What you have to do: Please set down exactly the lines of the listing below from the line containing "A Morecambe to" through the line containing "Large brass table lamp with black shade", both lines included, leaving out all other lines.

Dataset content:
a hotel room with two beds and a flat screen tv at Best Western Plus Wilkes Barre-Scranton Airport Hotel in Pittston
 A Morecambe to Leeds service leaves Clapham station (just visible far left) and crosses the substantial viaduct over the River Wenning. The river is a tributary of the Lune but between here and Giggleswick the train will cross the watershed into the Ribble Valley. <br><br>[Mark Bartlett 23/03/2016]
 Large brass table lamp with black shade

* * *

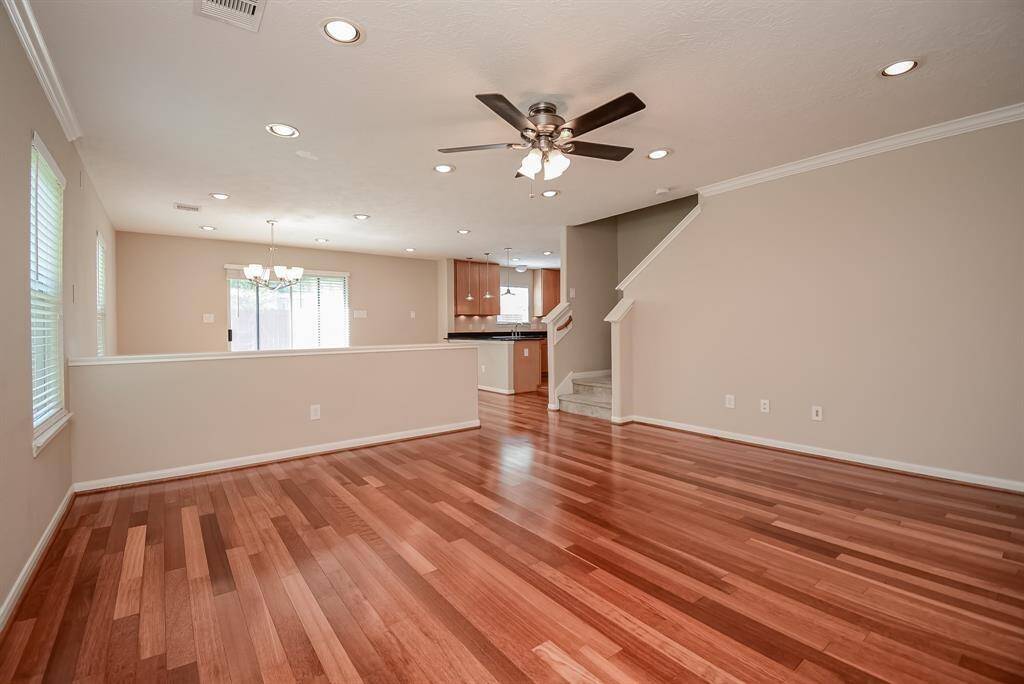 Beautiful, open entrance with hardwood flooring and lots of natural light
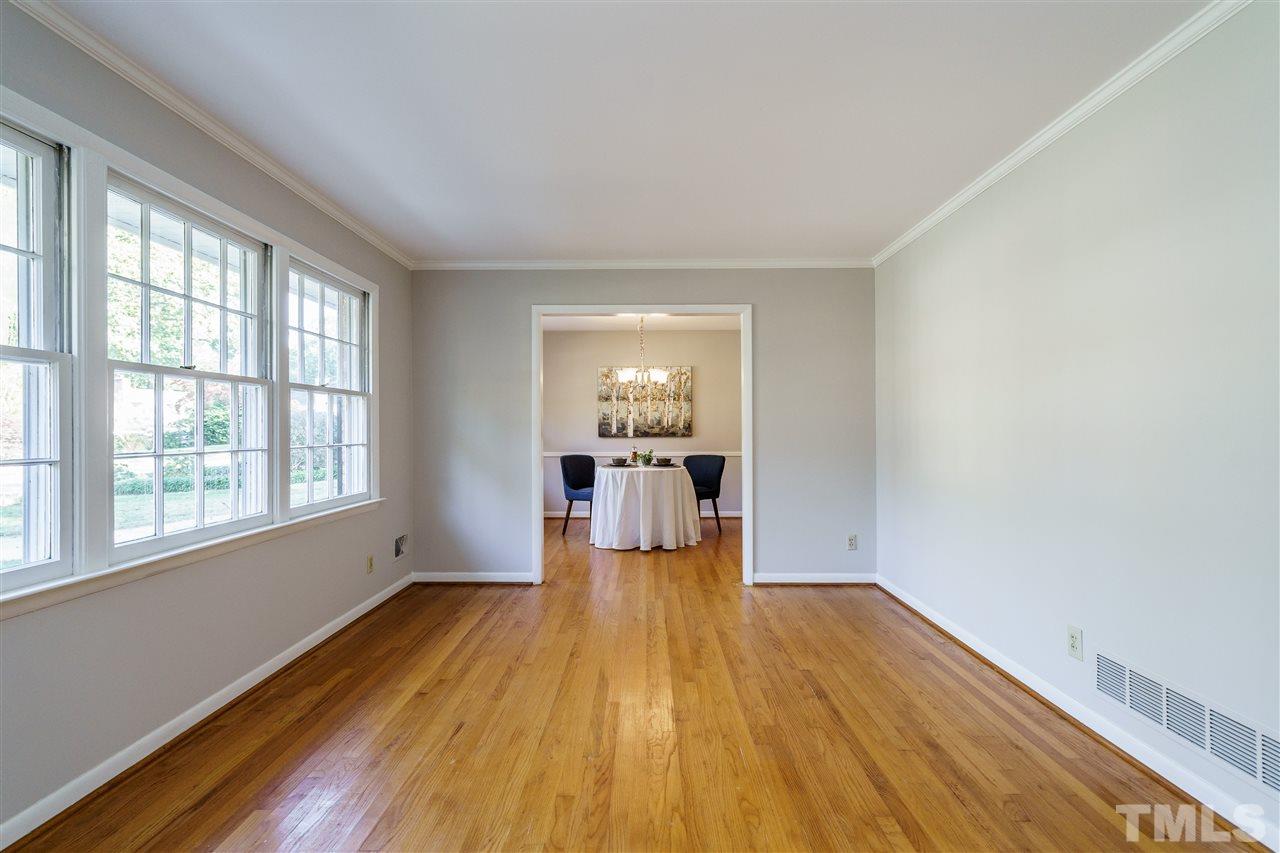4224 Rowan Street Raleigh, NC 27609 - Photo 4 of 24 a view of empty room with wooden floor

Exercise result:
 A Morecambe to Leeds service leaves Clapham station (just visible far left) and crosses the substantial viaduct over the River Wenning. The river is a tributary of the Lune but between here and Giggleswick the train will cross the watershed into the Ribble Valley. <br><br>[Mark Bartlett 23/03/2016]
 Large brass table lamp with black shade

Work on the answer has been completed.